:: DATASET EXCERPTS ::
'''

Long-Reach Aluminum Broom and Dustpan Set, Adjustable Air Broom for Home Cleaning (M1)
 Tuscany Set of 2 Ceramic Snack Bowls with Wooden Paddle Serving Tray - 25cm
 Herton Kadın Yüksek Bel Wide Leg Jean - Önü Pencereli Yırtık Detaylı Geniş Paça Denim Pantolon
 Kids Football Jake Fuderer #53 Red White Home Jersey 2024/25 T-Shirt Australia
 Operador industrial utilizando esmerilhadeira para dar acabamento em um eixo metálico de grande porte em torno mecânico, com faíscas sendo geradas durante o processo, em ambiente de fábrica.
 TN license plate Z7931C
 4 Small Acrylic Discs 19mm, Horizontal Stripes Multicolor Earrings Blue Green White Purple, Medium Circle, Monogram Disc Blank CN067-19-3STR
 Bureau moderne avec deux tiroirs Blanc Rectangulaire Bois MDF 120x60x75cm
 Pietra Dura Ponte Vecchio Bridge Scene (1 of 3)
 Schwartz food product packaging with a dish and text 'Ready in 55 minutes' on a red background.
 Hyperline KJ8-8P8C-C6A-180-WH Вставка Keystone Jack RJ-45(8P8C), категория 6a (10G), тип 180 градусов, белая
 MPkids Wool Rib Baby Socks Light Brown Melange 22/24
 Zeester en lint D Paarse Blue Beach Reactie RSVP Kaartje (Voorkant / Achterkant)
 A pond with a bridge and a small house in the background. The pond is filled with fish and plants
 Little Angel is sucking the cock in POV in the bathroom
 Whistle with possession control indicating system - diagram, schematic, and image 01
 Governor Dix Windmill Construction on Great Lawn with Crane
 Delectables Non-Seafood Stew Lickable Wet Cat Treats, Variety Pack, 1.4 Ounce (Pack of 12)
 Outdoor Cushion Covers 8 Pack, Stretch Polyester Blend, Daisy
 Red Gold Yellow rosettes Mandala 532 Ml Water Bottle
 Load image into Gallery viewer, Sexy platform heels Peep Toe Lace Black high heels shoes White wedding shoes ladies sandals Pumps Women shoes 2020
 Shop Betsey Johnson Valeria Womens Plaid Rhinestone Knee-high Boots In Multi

'''

:: TASK PROMPT ::
Copy out the lines above exactly, beginning at the one that contains "4 Small Acrylic" and ending at the one that contains "Red Gold Yellow".

:: ANSWER SPACE ::
 4 Small Acrylic Discs 19mm, Horizontal Stripes Multicolor Earrings Blue Green White Purple, Medium Circle, Monogram Disc Blank CN067-19-3STR
 Bureau moderne avec deux tiroirs Blanc Rectangulaire Bois MDF 120x60x75cm
 Pietra Dura Ponte Vecchio Bridge Scene (1 of 3)
 Schwartz food product packaging with a dish and text 'Ready in 55 minutes' on a red background.
 Hyperline KJ8-8P8C-C6A-180-WH Вставка Keystone Jack RJ-45(8P8C), категория 6a (10G), тип 180 градусов, белая
 MPkids Wool Rib Baby Socks Light Brown Melange 22/24
 Zeester en lint D Paarse Blue Beach Reactie RSVP Kaartje (Voorkant / Achterkant)
 A pond with a bridge and a small house in the background. The pond is filled with fish and plants
 Little Angel is sucking the cock in POV in the bathroom
 Whistle with possession control indicating system - diagram, schematic, and image 01
 Governor Dix Windmill Construction on Great Lawn with Crane
 Delectables Non-Seafood Stew Lickable Wet Cat Treats, Variety Pack, 1.4 Ounce (Pack of 12)
 Outdoor Cushion Covers 8 Pack, Stretch Polyester Blend, Daisy
 Red Gold Yellow rosettes Mandala 532 Ml Water Bottle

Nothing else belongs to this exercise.